Can VBA be used to search a folder of .docx's for text strings and copypaste to Excel?

Sadsmileyface

New Member
Joined
Mar 21, 2013
Messages
11
I've got kind of a complicated problem and I'm not so sure if there is an answer to it.

I have to do a manual process of going through lots of .docx files, finding text strings and recording information in an Excel spreadsheet. It's done daily. The Word files contain (amongst a lot of other things) this information (explanatory parenthesis is mine for the example, no brackets in the actual files):

Inspection Type: (this is a category)
Inspection Classification: (another category)
Inspected: (this is a location name)
Inspector: (this is a username)
Inspection Start: (this is a date / time stamp)
Inspection End: (this is a date / time stamp)

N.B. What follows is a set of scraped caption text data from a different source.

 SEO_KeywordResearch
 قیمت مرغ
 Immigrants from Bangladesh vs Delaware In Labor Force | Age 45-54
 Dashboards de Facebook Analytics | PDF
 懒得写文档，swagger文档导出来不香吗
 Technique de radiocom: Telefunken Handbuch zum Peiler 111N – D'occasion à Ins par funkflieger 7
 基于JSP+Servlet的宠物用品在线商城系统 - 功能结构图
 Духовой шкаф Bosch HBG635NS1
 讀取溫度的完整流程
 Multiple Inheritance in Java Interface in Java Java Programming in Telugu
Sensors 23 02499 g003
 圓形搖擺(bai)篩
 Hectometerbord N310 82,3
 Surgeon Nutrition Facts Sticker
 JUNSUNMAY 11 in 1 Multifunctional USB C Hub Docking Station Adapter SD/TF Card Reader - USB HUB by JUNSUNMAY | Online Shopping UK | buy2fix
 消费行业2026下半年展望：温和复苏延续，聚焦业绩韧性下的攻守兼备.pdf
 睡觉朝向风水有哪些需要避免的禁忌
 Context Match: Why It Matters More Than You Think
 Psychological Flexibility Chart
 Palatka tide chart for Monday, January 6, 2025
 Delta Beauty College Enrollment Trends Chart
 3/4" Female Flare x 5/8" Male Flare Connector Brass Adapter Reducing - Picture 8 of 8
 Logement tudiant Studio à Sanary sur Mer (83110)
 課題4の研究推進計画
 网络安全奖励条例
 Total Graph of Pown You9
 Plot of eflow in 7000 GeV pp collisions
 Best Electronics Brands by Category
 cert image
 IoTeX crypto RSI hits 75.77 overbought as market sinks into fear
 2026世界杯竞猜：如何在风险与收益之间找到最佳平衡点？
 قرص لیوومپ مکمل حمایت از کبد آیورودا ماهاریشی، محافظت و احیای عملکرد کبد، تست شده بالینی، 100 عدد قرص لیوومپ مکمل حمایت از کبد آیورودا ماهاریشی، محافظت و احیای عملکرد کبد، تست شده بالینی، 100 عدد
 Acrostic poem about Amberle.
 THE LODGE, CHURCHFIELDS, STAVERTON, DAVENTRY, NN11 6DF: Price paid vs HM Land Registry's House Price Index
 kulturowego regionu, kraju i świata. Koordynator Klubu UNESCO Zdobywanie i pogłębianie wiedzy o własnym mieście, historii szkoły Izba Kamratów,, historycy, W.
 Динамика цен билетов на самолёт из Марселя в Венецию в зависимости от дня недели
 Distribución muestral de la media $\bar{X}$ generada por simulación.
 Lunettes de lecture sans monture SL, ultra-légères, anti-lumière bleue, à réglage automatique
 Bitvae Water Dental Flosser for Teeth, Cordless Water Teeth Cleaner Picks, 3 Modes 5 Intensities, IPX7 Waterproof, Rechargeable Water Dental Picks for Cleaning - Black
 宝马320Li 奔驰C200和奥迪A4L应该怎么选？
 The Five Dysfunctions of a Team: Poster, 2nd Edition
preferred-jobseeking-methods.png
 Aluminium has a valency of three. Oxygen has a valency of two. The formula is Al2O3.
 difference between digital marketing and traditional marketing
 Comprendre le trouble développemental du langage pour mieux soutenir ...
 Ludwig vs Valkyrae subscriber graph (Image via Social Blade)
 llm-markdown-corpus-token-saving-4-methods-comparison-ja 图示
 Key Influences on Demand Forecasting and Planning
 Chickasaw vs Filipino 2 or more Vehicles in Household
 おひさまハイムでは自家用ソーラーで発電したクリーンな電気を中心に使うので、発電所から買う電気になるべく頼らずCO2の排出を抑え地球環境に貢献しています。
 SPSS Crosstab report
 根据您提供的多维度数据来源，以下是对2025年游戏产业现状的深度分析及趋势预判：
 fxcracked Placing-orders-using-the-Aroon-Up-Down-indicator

So I would have an Excel sheet with 6 columns, and upon each successive row, the contents I've taken from each document. This takes up a lot of time over a month.

Could a macro do this task- search though a folder of Word files and grab whatever comes after ": " to paste to Excel?
 

Excel Facts

Waterfall charts in Excel?
Office 365 customers have access to Waterfall charts since late 2016. They were added to Excel 2019.
Just in case that doesn't work for you.
Code:
Sub ImportPhrases()
'---------------------------------------------------------------------------------------
' Procedure : ImportPhrases
' Author    : David
' Date      : 12/28/2016
' Purpose   : Imports phrase data from file folder of Word files.
'---------------------------------------------------------------------------------------
'
Dim WS As Worksheet
Dim NextRow As Long
Dim Phrase As Variant
Dim WordWasNotRunning As Boolean
Dim oWord As Word.Application
Dim oDoc As Word.Document
Dim wRng As Word.Range
Dim MyPath As String
Dim FN As Variant

Set WS = ActiveSheet
MyPath = "C:\Users\David\Documents\My Documents\VBA\ExcelForum\"
'Data imports to this row
NextRow = 2
'Or if you want to import to next row
With WS
    NextRow = .Cells(.Rows.Count, 2).End(xlUp).Row + 1
End With
'Get existing instance of Word if it's open; otherwise create a new one

On Error Resume Next

Set oWord = GetObject(, "Word.Application")
If Err Then
    Set oWord = New Word.Application
    WordWasNotRunning = True
End If

On Error GoTo Err_Handler

'Inspection Type: (this is a category)
'Inspection Classification: (another category)
'Inspected: (this is a location name)
'Inspector: (this is a username)
'Inspection Start: (this is a date / time stamp)
'Inspection End: (this is a date / time stamp)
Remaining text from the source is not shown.